Girano per l'accademia italiana svariati miti. Uno dei più diffusi e pervicaci è il seguente:
Il problema fondamentale dell'università italiana sta nelle scarse risorse a sua disposizione, non nella loro pessima distribuzione ed ancor peggior utilizzazione. In particolare: i professori universitari italiani, di ogni ordine e grado, son pagati una miseria in confronto ai loro colleghi in altri paesi simili. Da questa bassissima dotazione di risorse vengono tutti i mali: non vi sono incentivi per far bene, la gente non può fare ricerca perché essendo sottopagata deve arrotondare con altre attività, eccetera, eccetera.

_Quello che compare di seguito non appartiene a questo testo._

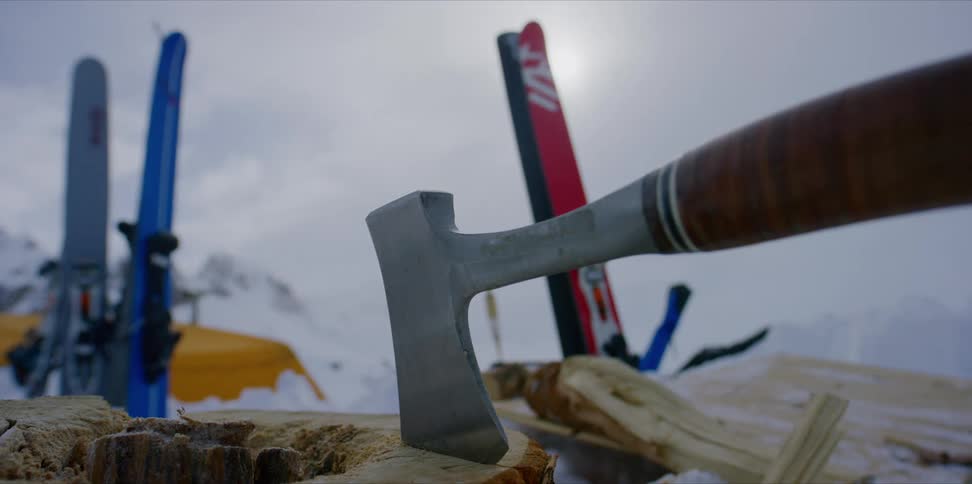 An axe is in a log near skis in the snow, timelapse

Questo tema si intreccia con quello della qualità e della quantità della ricerca. Che questa sia buona o cattiva diventa quasi secondario: il fatto è, sostiene l'accademico italiano medio, che per quello che ci pagano facciamo fin troppo bene. Sulla quantità e qualità della ricerca il dibattito è accesissimo ed il tema è complicato abbastanza da suggerire di prendersela con calma. A mio avviso i vari collettivi di scienziati rivoluzionari che non vogliono essere valutati da niente e da nessuno, tipo questo ROARS o i loro nuovi alleati della Classe di Scienze Morali etc. dei Lincei fanno affermazioni distorte e parziali. E lo sanno. Ma dimostrarlo non è facile perché il tema è ostico ed i dati oscuri, manipolabili e manipolati. Un po' alla volta questo lavoro va fatto, e si farà, ma con calma, attenzione ed un'analisi seria dei dati in modo da estrarre misure non ambigue sia di quantità che qualità, misure che ancora non ci sono.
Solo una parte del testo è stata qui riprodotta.